六時を回った頃に再び待ち合わせた二人は、目をつけていたクラブで大した情報も仕入れられず、早々に音の波から抜け出した。

情報収集など八割以上が空振りばかりで、穂積との調査でもほとんど今日のようなパターンだ。

日の長い季節だが、外に出ればすでに街頭が灯り辺りはとっぷりと暗くなっていた。

「また違ったな」
「あぁ」

人通りがぐっと減った道を、並んで歩く。

解散場所も自然とお決まりになっていて、千影たちは城下町の中心にある広場へと向かっている。

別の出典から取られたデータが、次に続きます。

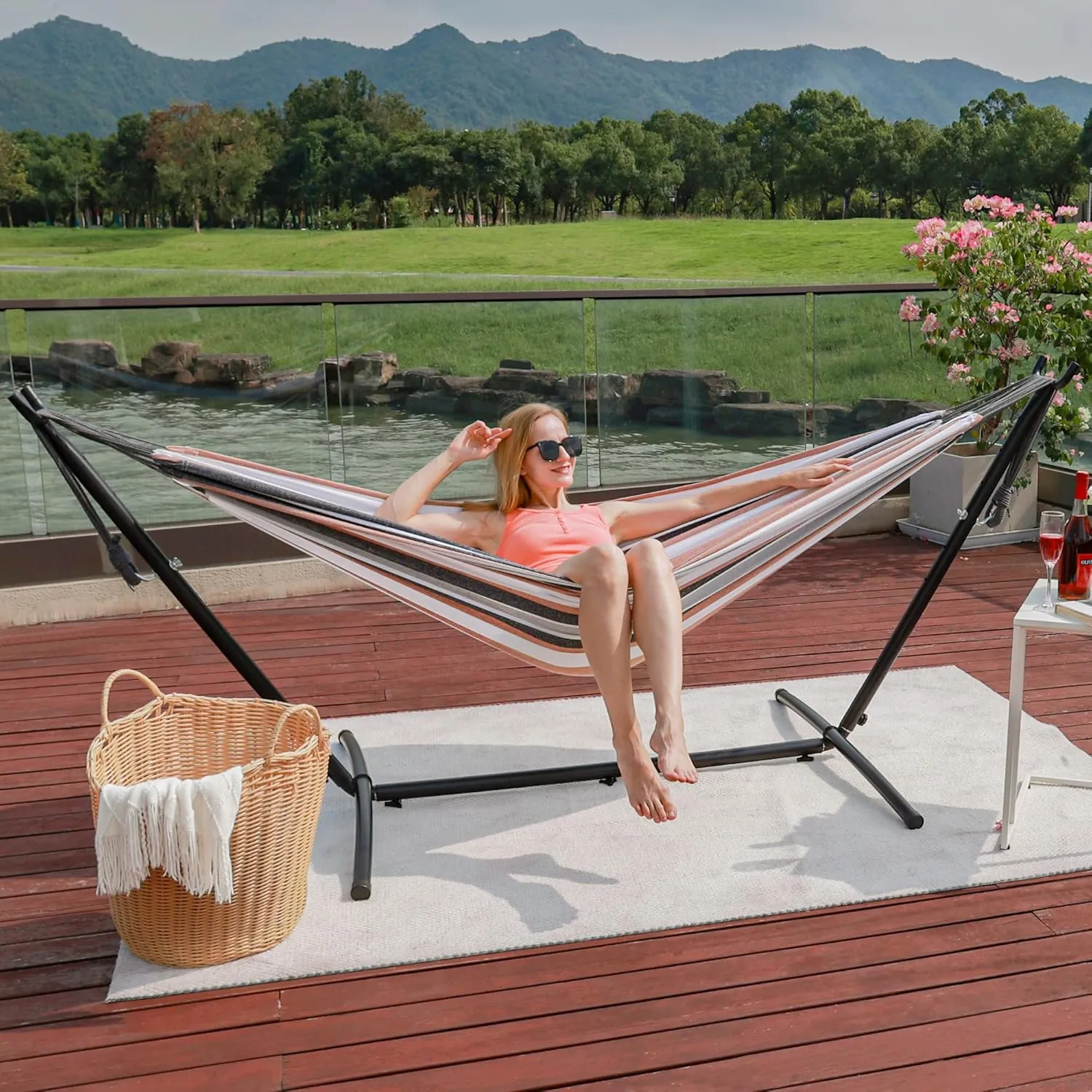 Hammock with Stand for Outside, Heavy Duty Space Saving Steel Stand with 450 lb Capacity, Double Hammock with Portable Carrying Bag, Hamacas Para Adultos for Outdoors, Patio, Garden, Yard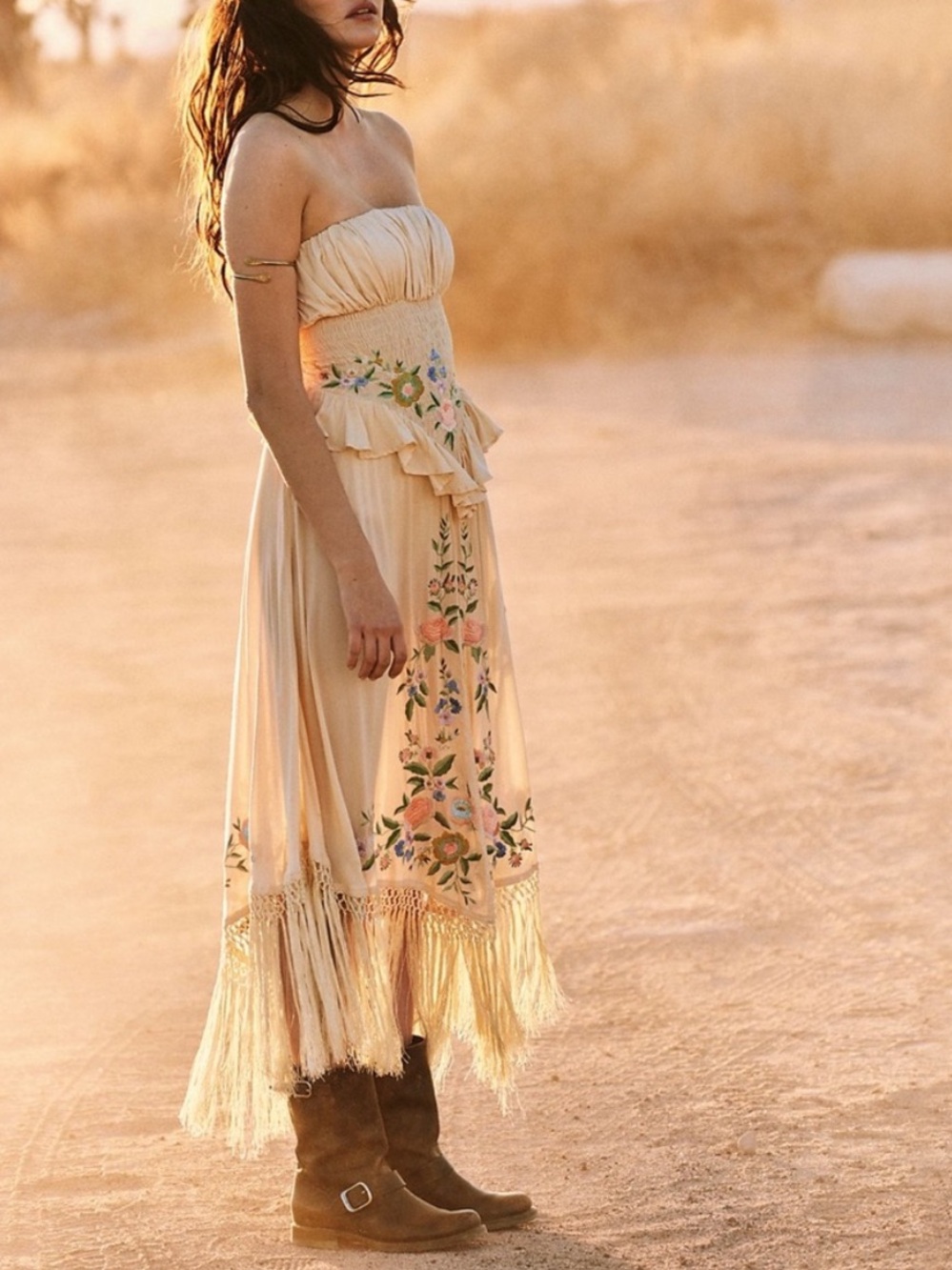 Free People Bali Sugar Rose Embroidered Smocked Fringed Bodysuit Dress RARE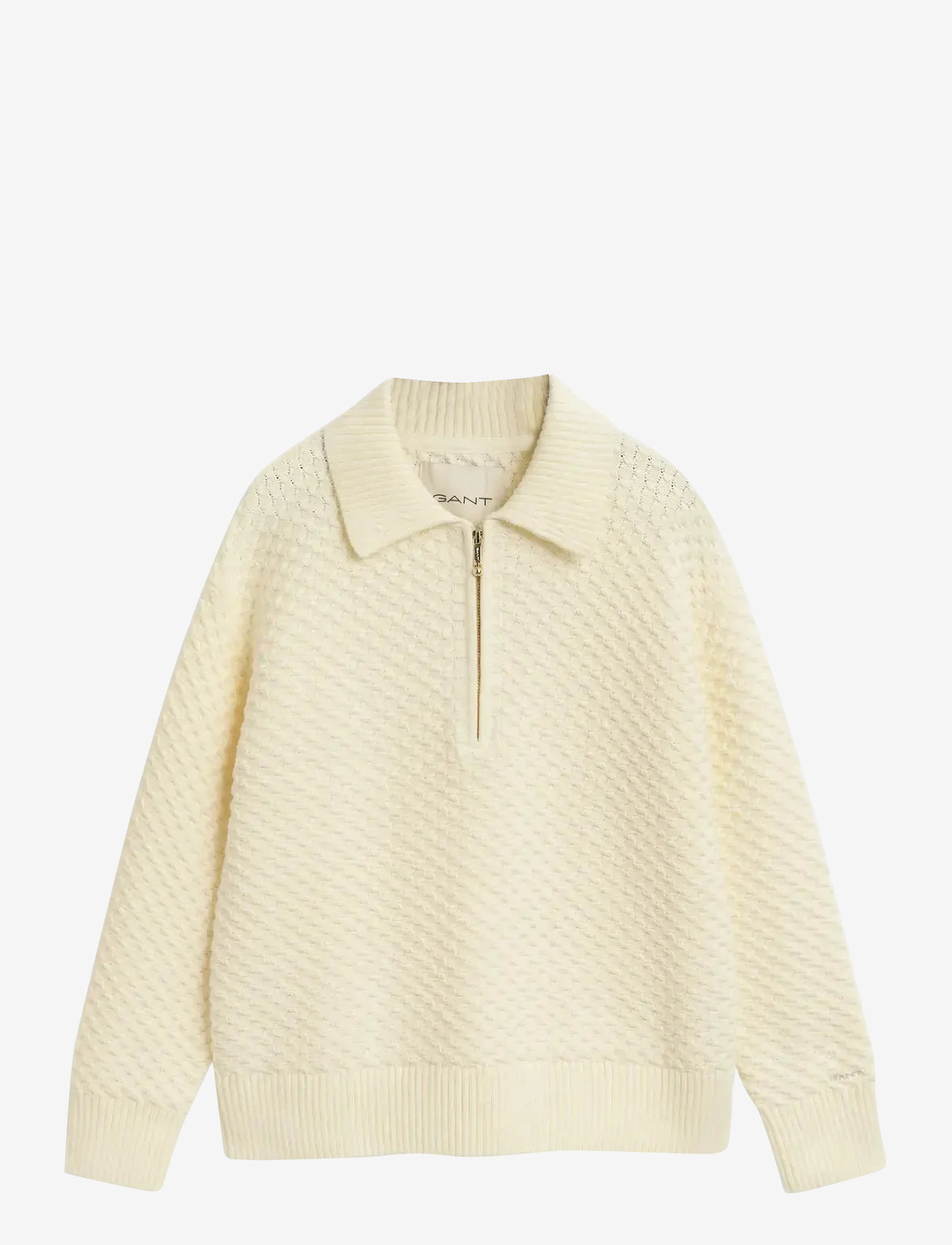 GANT - COTTON TEXTURE HALF ZIP - stickade tröjor - cream - 1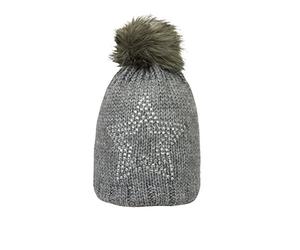 Döll Mädchen Mütze Pudelmütze Strick, Gr. 55, Grau (Light Gray Melange 8100)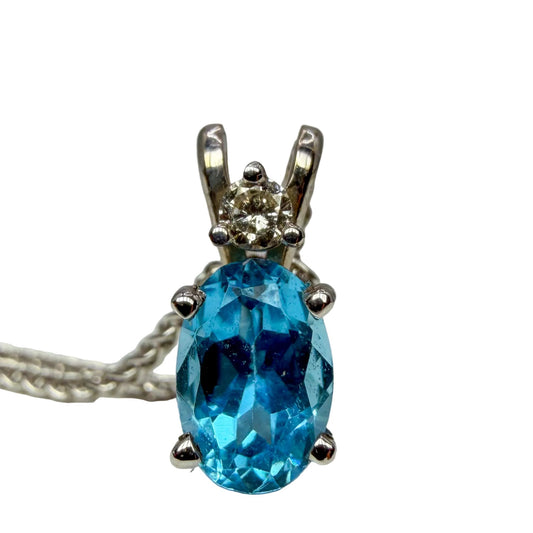 14kt White Gold Blue Topaz and Diamond Necklace 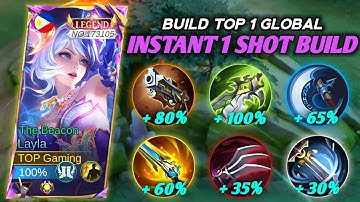 TOP GLOBAL LAYLA INSTANT 1 SHOT BUILD 2025!!😱 BEST BUILD & EMBLEM 2025 - MLBB
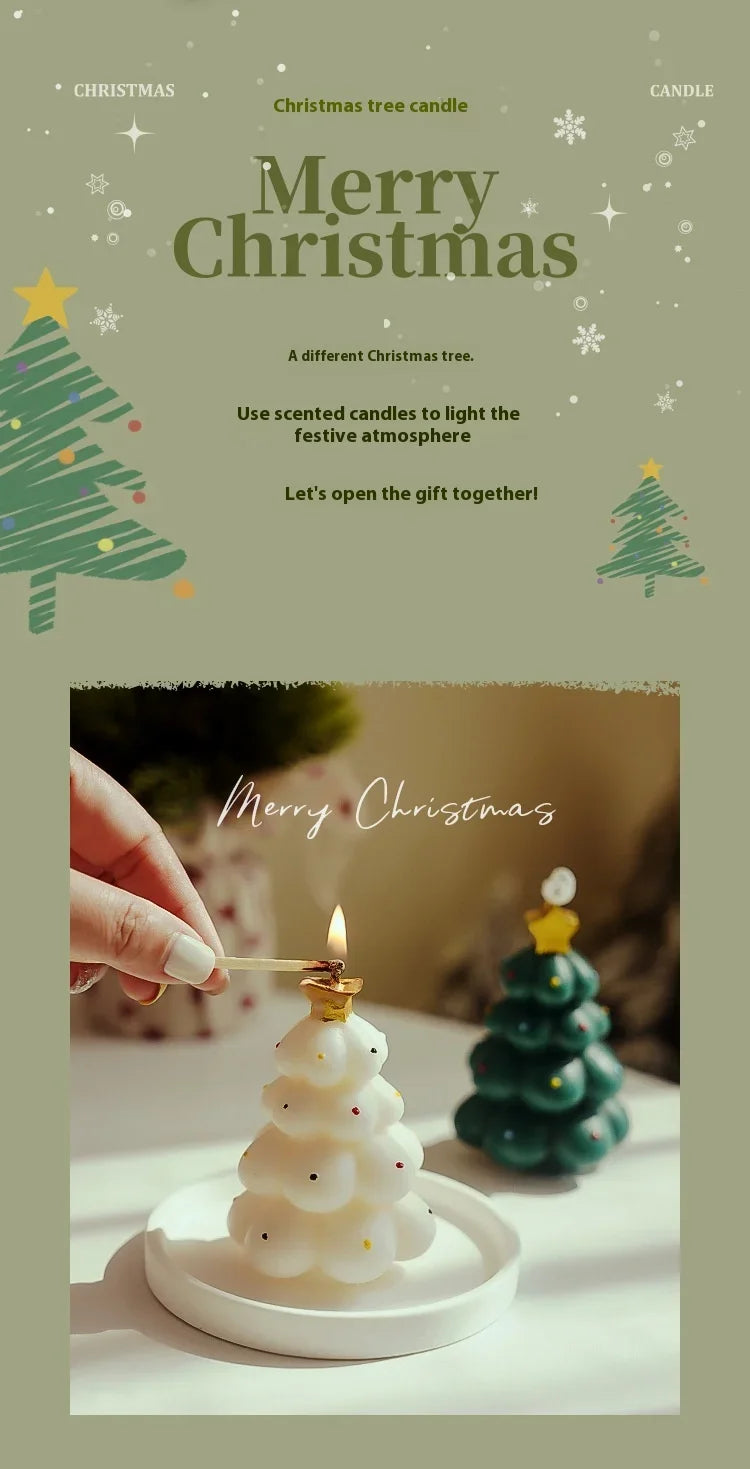 Cute Christmas Tree Scented Candles Handmade Fragrance Creative Ornaments Aromatherapy Xmas Gifts Birthday Gift Home Decor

いつもより少し遅い歩調でいると、傍らの男がピタリと足を止めた。

「なに、どうした?」

密かに心臓をドキリとさせながら、問う。

夜よりも深い黒曜石に射抜かれて、妙に落ち着かない気持ちだ。

「お前、まだ時間はあるか?」
「え?」
「もう少し付き合え」
「は?」

不遜な命令口調で言い切ると、男はこちらの返事を待たずにクルリともと来た道を引き返して行く。

なんだ、どういうことだ。

こんなことは今まで一度もなかった。

自分たちの関係はあくまでドラッグを接点にした協力者でしかなく、調査が終われば時折食事をすることはあっても大抵がすぐに解散していたのに。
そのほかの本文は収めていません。